╭──

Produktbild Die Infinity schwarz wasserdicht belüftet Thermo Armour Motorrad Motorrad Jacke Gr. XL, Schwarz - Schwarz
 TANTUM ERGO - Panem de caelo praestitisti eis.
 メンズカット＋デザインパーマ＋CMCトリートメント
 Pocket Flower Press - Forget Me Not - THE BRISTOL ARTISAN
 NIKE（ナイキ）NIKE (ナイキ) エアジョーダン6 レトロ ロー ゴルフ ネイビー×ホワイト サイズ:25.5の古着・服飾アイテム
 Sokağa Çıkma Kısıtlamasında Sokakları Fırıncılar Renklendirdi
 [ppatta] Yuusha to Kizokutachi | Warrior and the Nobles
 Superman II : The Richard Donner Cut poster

╰──

[The problem] Quote the listing above from its first line to the line with "Pocket Flower Press", inclusive, and add nothing.

[The completed task]
Produktbild Die Infinity schwarz wasserdicht belüftet Thermo Armour Motorrad Motorrad Jacke Gr. XL, Schwarz - Schwarz
 TANTUM ERGO - Panem de caelo praestitisti eis.
 メンズカット＋デザインパーマ＋CMCトリートメント
 Pocket Flower Press - Forget Me Not - THE BRISTOL ARTISAN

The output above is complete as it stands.